The latest headlines revolve around the now widely-reported case that Australian mining company Rio Tinto and telecoms firm Telstra ditched their SCF programmes in late January after press articles said that a dynamic discounting programme was “forcing” small suppliers to accept discounts on invoices of up to 2 percent to receive payment in a timely way.

Though Rio Tinto responded saying its programme was voluntary and that smaller suppliers were able to be paid within 30 days, such was the degree of media and government pressure that both companies cancelled their SCF programmes in an attempt to salvage their reputations.

Since then Rio Tinto and Telstra have moved to 20-day payment terms for their smaller suppliers. Both decisions have been welcomed by the Australian Small Business and Family Enterprise Ombudsman (ASBFEO) Kate Carnell who advocates for the interests of small businesses – which is now conducting a supply chain finance review and recently published its position paper in early February. It includes draft recommendations about more enforceable payment terms legislation and calls for further consideration as to whether SCF should be considered a regulated financial product.

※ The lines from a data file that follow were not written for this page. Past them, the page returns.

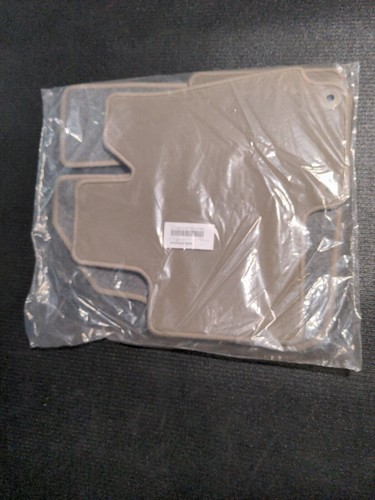 New GM Front and Rear Carpeted Floor Mats for 2012-2016 Cadillac SRX in Dune - Picture 2 of 3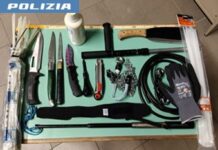 Controllo sulla SS76, in auto con un arsenale: denunciato un 65enne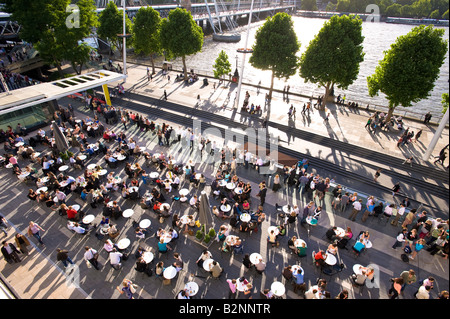 Le persone a rilassarsi e gustare un drink sulla terrazza e dal Royal Festival Hall Southbank SE1 London Regno Unito Foto Stock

Where does this leave our industry? The stories of Rio Tinto and Telstra are not the first and won’t be the last examples of media criticism of SCF – the fallout from Carillion’s collapse in 2018 has far from been forgotten.

Yet, the two cases act again as a reminder for us all that SCF programmes should not be misused solely for the benefit of the buyer, where discount levels and payment terms are pushed to “extreme” levels.

These problems often boil down to the culture of the multinational as to whether they use the programmes ‘fairly’ or to generate maximum financial benefits to the buyer at the cost of the smaller suppliers.

I fear a trend that  too many treasury departments want to use reverse factoring or dynamic discounting as a way to make as much money as possible from their payables portfolio.

This may be due to high or unreasonable KPIs set by senior management, ensuring they become overly concerned about return on cash rather than how SCF can be used to support suppliers.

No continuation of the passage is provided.